Ora lei scosta la spallina della sua t-shirt e offre il seno perfetto al vortice famelico della bocca di lui, che ci affonda dentro la testa come per curare qualcosa di malcelato, di doloroso che pulsa sulle tempie. Come un lattante attacca al capezzolo il suo bacio aspirante, mentre il caldo sentore delle sue papille su quell’oggetto primevo, essenziale eppure sconosciuto, lo porta alle stelle. Perciò solleva istantaneamente il capo da quella delizia per mormorare: Sei bellissima… Sei bellissima…
 
L’uomo si svegliò e rigirò il suo sguardo fra gli androni vuoti del suo appartamento. Senza voce, senza parole, senza niente da dire. Sì, la casa era vuota. E silenziosa. Erano così strane quelle pareti mute, in abbandono, lì, al quinto piano di una strada pur affollata, vicino alla Bastiglia. Così assurdo quel loro mutismo ostinato dentro una metropoli che, tra centro e banlieu, annoverava più di dieci milioni di anime.
La sua compagna era morta già da diverse settimane. Lui ripensava alle lotte, alle passioni, alle avventure vissute con lei e gli pareva che fossero chimere, chimere alate che volteggiassero colà, nel vuoto. Non si erano mai sposati, non era roba da loro il matrimonio, non ci credevano. Ma adesso ella era morta, se n’era andata, neanche il nome gli aveva lasciato. E quei novanta metri quadri vuoti come un’ampolla vuota dissonavano adesso come chitarre scordate, come violini violacei divorati dall’umidità.
Figli non ne avevano voluti, prima, e poi non arrivarono più. Lasciando un senso di ritardo su tutto che mostrava piuttosto errori ed inettitudine che un supponente rigore logico-sistematico. Gli venne in mente questa parola: situazionismo, e gli parve che fosse morta ancor questa, come la sua compagna.

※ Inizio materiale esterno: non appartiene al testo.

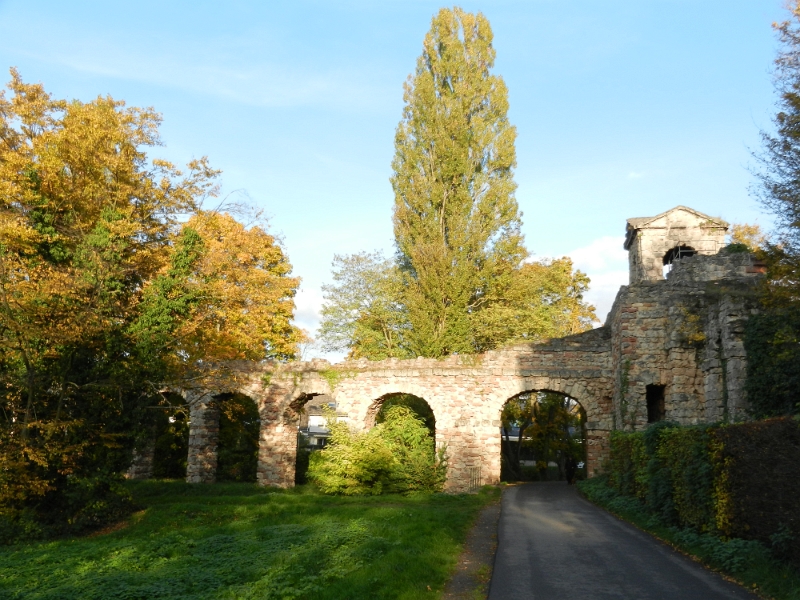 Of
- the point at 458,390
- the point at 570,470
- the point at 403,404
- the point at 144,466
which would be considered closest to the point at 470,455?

Ora gli torna alla mente la sua visione, la ragazza meravigliosa che si cala la spallina a offrirgli il suo seno candido, fiorente, vincente. Ricorda quell’aspettativa, quella promessa estatica dei corpi che si offrono reciprocamente il proprio mistero, quel sorgere come piacere della curiosità anelante del mio corpo che cerca il tuo là dove c’è differenza, là ove confluirvi dentro, come un grande fiume generoso che getta nel mare il suo incontenibile impeto… no, no… mai più, mai più quell’impeto sarebbe stato il suo… no, nessuna ragazza più, nessuna poteva oramai più resuscitare in lui quell’enfasi festosa, il suo disperato sogno di felicità.
No. Non sarebbe accaduto mai più.
Così, sotto i suoi capelli ancora lunghetti, ma sempre più radi, e sulla sua pelle graffitata dal tempo, due lacrime scivolarono sui cuscini, lasciando una scia lucente, come menome stelle cadenti cadute nella notte abissale dei tempi.